Comprehensive knowledge about thermomechanical behavior is mandatory for an accurate prediction of occurring stresses to design load-optimized linings. Refractory linings are, in addition to loads due to corrosion and creep processes, particularly affected by thermomechanical stresses caused by the restricted thermal expansion of the lining. These stresses can occur within individual components as well as in bricks and can lead to plastic deformation, cracks, and material failure.

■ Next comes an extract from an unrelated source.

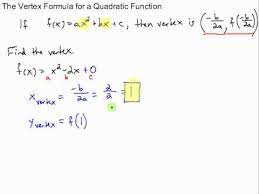 Vertex Formula Of A Quadratic Function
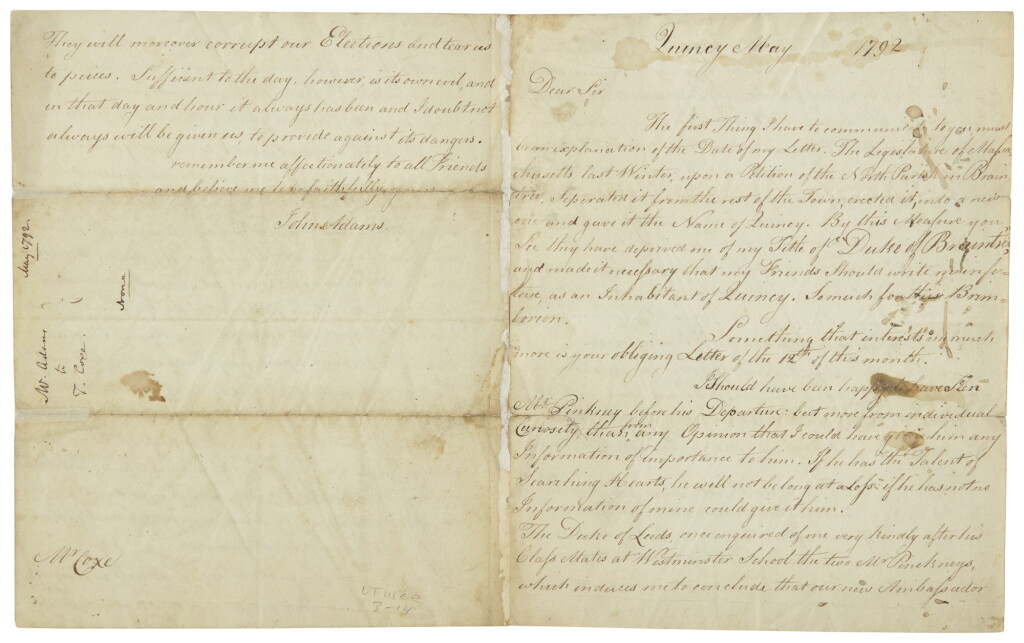 View full screen - View 1 of Lot 2101. Adams, John. Manuscript letter signed, to Tench Coxe, May 1792.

This study compares methods for determination of Young’s Modulus at different temperatures for the use in refractory modelling of lining systems. In three point bending tests the deflections of different refractory materials was examined during loading by means of digital image correlation (DIC) up to high temperatures. The achieved data allows to evaluate static Young’s Modulus values respectively. In parallel refractoriness under load (RUL) tests with higher loads up to 1.5 MPa have been carried. The measured data of change in temperature and length are then corrected by the thermal expansion and used to construct elastic lines for several temperatures, where the elastic slope is determined using the change in length and the respective load. Thus, Young’s modulus for several temperatures can be determined.
These obtained values for static Young’s modulus are then compared to values which have been determined the dynamic resonant frequency damping analysis (RFDA) measurements without load apply. Finally a validation for refractory linings using a finite element (FE) model by means of these data is discussed.